De Beer said their research showed an increase in cars being stolen in the evening from 4pm until 5am the next morning, while home burglaries and robberies which pre-lockdown typically took place between 9pm to 5am, shifted to between 4pm and 9pm this year.
“Authorities keep reminding us that Covid-19 is not on holiday. This research tells us that criminals are not on holiday either. People need to remain vigilant and take all safety precautions to avoid becoming a crime statistic,” said De Beer.
As an example of the level of brazen crime taking place in SA, managing director of advanced driving training company MasterDrive, Eugene Herbert, highlighted a video clip doing the rounds on social media, which shows a new hijacking technique where hijackers target the victim on an off-ramp by blocking her from the front.
“The driver was blocked in by the hijacker’s car which preceded her and soon by the traffic behind her.
“A key way to prevent yourself from being in this position is to ensure you keep at least three metres between yourself and the car in front of you when stationary. Admittedly, in the video clip, it would have been difficult to move around the hijackers as their position appears to be carefully chosen, but in many instances, it could give you the space to move quickly and safely.
“Quickly moving around a car that unexpectedly stops in front of you can make all the difference. When driving, accept that someone stopping suddenly in this manner may be a threat and that your best response is to immediately move around the obstacle. Prepare and practice for such a situation, so your response is immediate,” said Herbert.

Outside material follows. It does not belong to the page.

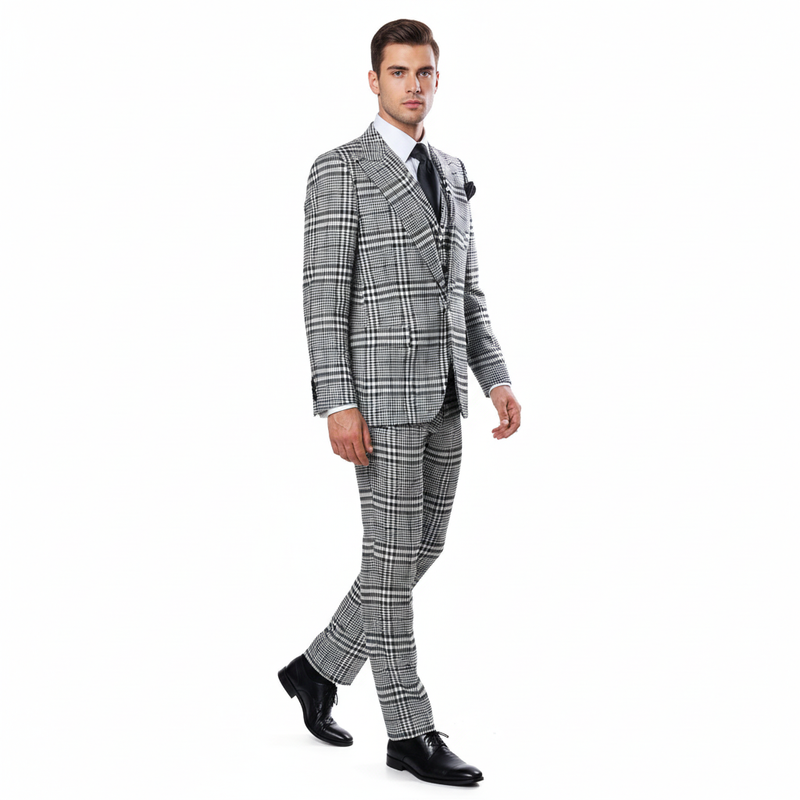 Men’s Black & White Plaid 3-Piece Suit Set – Premium Slim Tailored Fit Formal Wedding, Party & Business Suit by Rossiman RM2310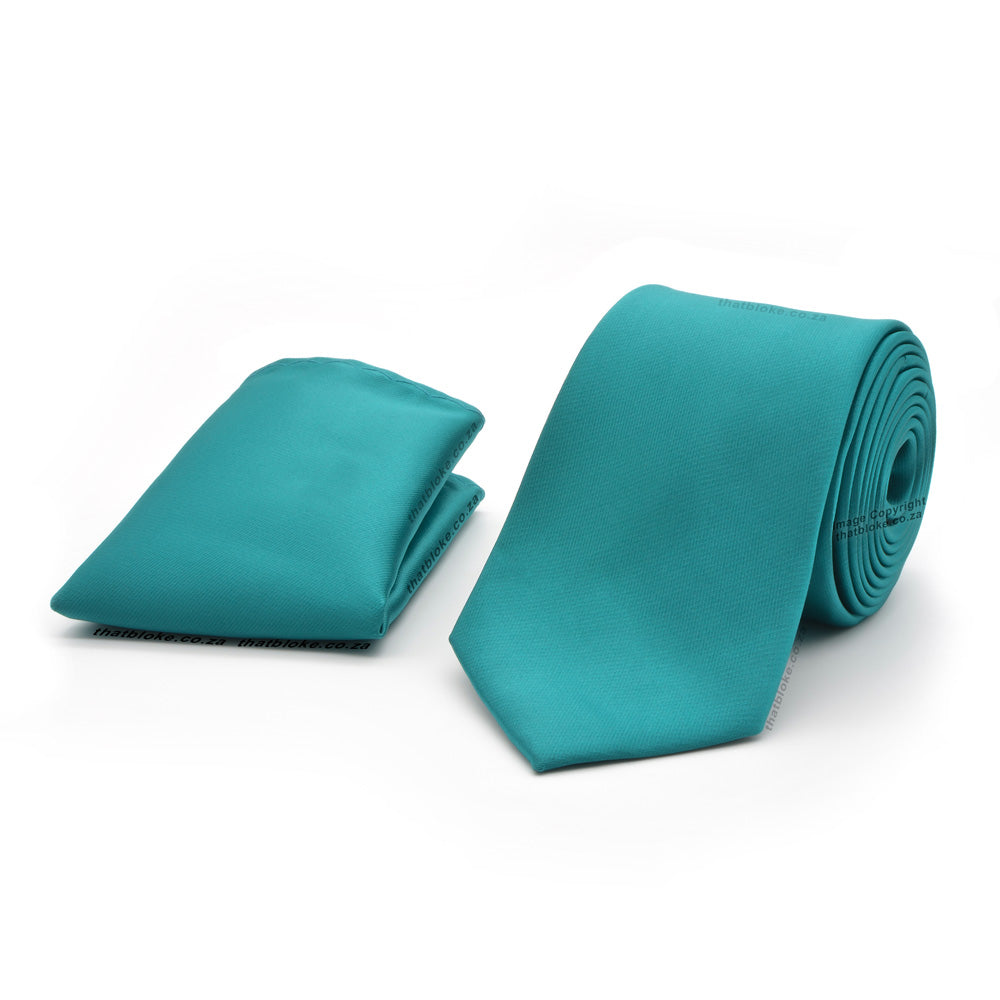 Turquoise Green Neck Tie & Pocket Square Set - Silky Polyester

Meanwhile, Tracker’s vehicle crime statistics for July to December 2020 showed a 13% decrease in the number of vehicle crime activities reported nationally, although it highlighted that hijacking “remains prevalent”. Tracker has 1.1 million vehicles on its base with their figures showing car theft decreased by 21%, but hijacking only by 5% during the period, with hijacking accounting for more crimes than theft of motor vehicles.
Tracker’s data also indicated that an opportunistic element could be at play, with a noticeable increase in vehicles being targeted for their loads, particularly fast moving consumable goods, while drivers carrying large amounts of cash were also being targeted.
Most vehicles were reported as hijacked or stolen towards the end of the week, with most hijackings being reported between 4pm and 8pm.
Theft of motor vehicles happened from Wednesday through to Saturday between 11am and 3pm.
Tracker’s executive of operational services, Ron Knott-Craig, said the 13% decrease in vehicle crime could be attributed to fewer vehicles being on the road because of Covid-19 restrictions when compared with the previous year.
“It’s important that we don’t become complacent. While driving, be vigilant about your surroundings. Be alert and on the look-out for suspicious persons and vehicles, and avoid distractions, such as talking on your phone,” he said.